Artist Fiona Banner’s fascination with military aircraft goes back a long way.
From childhood walks with her dad when fighter jets ripped through the Welsh valley, she first experienced a sense of excitement and fear that has stayed with her since. She watched war films as a young woman, and for an early artwork called The Nam she wrote out the entire action of Full Metal Jacket, The Deerhunter, Apocalypse Now, Platoon, Hamburger Hill and Born on the Fourth of July. In the 1,000 pages of text, a helicopter sound appears as wpwpwp. This forms the title of her latest exhibition Wpwpwp at the Yorkshire Sculpture Park.
In the gallery, a pair of military helicopter blades spin from the ceiling. They’re configured to rotate in opposite directions, like a Chinook helicopter – used in Vietnam and still in service today. It’s a display of might – their size and proximity overwhelms viewers who stand with their faces turned upwards, as blades slice the air like knives above them. I’m frightened they might crash, or cut a person in half. Like in Harrier and Jaguar – she strung a decommissioned Sea Harrier from the ceiling of Tate Britain where it hung like a dead pterodactyl – this piece of aircraft creates an odd and compelling aesthetic.
Contradictions swirl like the blades around the room. Banner’s childhood emotions are here: excitement and terror, revulsion and admiration. To stand beneath it feels potent, uncomfortable. A display of power, which usually remains distant and detached is brought up close and intimate. It’s criticised, and yet there’s a sense of awe and wonderment too.
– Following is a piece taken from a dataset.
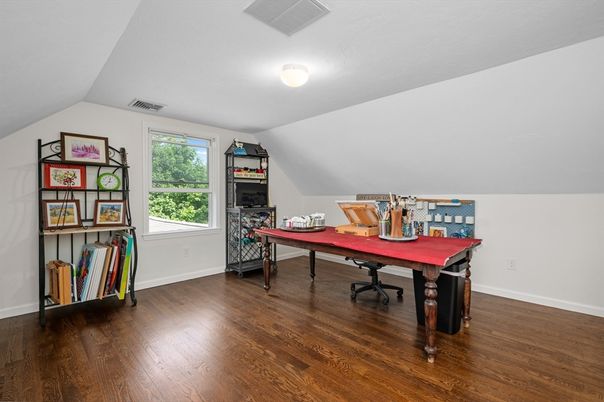 Home Office, Interior, Wood Texture Flooring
A series of different-shaped holes make windows in darkened glass along the gallery’s front. It’s a row of full stops in various fonts: Times New Roman, one splodge is from the Peanuts cartoon. They’re a pause, a breath, when nothing is said. Their view is out over a ha-ha into pristine Yorkshire landscape, they float above cattle, stone walls, a lake in the distance. It’s a play on sculpture in a landscape, which is man-made and not as organic as it appears – and a slight dig at hubris, of giant bronzes in the park.
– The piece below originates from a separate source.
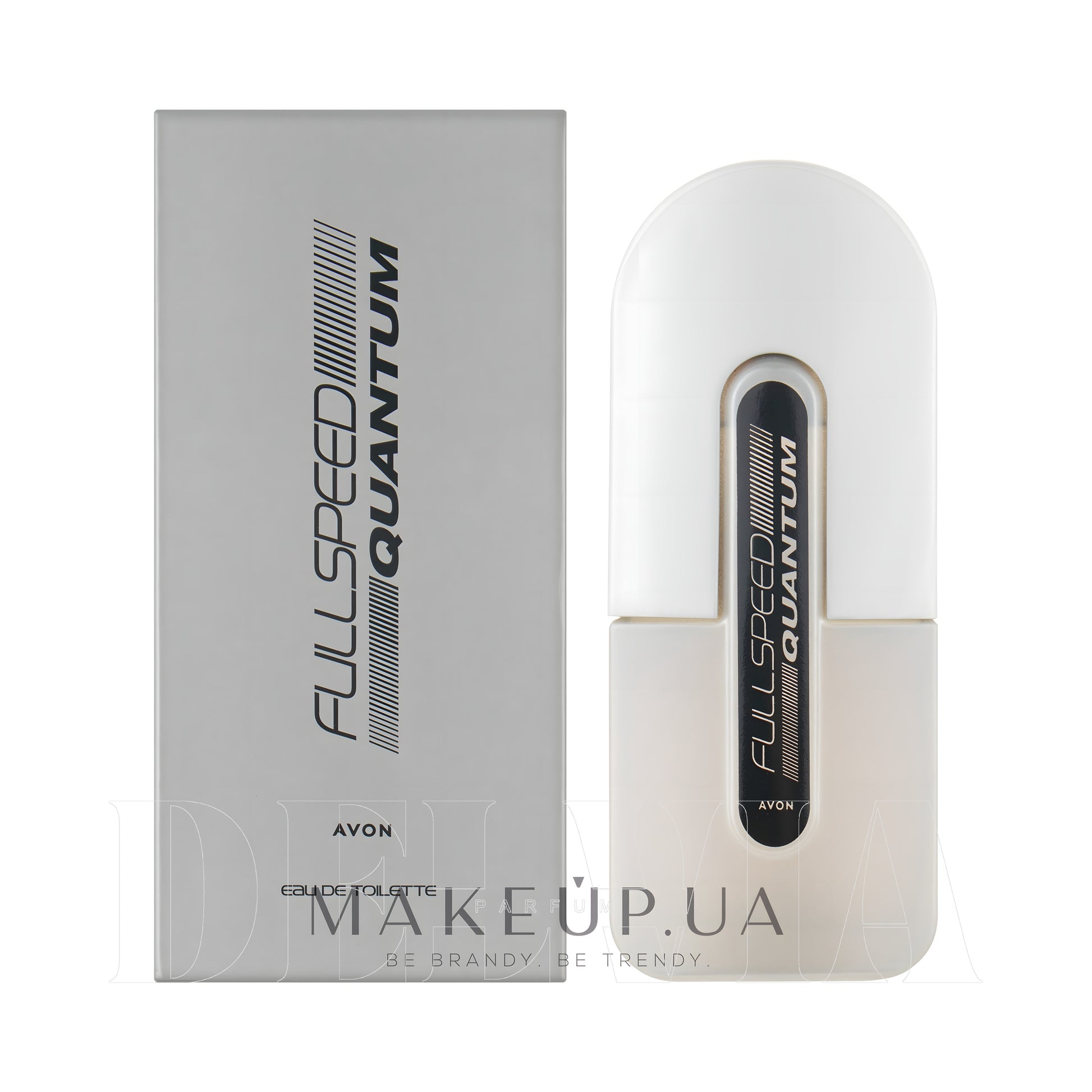 Avon Full Speed Quantum 10 ml dekant parfüm — kutu ve şişe görseli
Intermission is a filmic version of the full stops, the space in between. For Banner it’s a moment when she couldn’t find what she wanted to say, and struggled to make anything. There’s pathos in her films. Tête à Tête shows two mechanically operated windsocks act out a romance as they blow to each other through the trees.
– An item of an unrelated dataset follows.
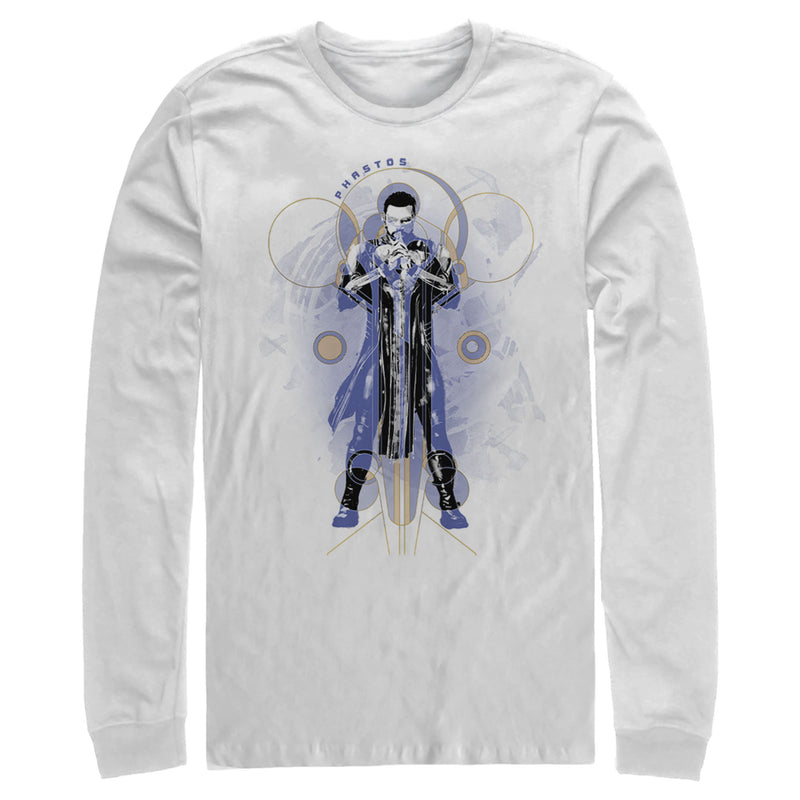 Men's Marvel Eternals Phastos Circles Long Sleeve Shirt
In Mirror, the actress Samantha Morton reads the artist’s nude portrait of her, rendered in word not image. “Wide hips stretching her baby fucked stomach,” she says. Through language we imagine her naked body as she reveals it to us, it’s unflattering, raw. Morton falters, embarrassed before the crowd. It’s a brave performance, an exploration of nude portraiture’s history.
War poets who are women have written about war from home, of absence, trauma and death. There’s lyricism within Banner’s work, poetic form in the rhythm of the helicopters’ blades, in her use of language, intermissions and full stop.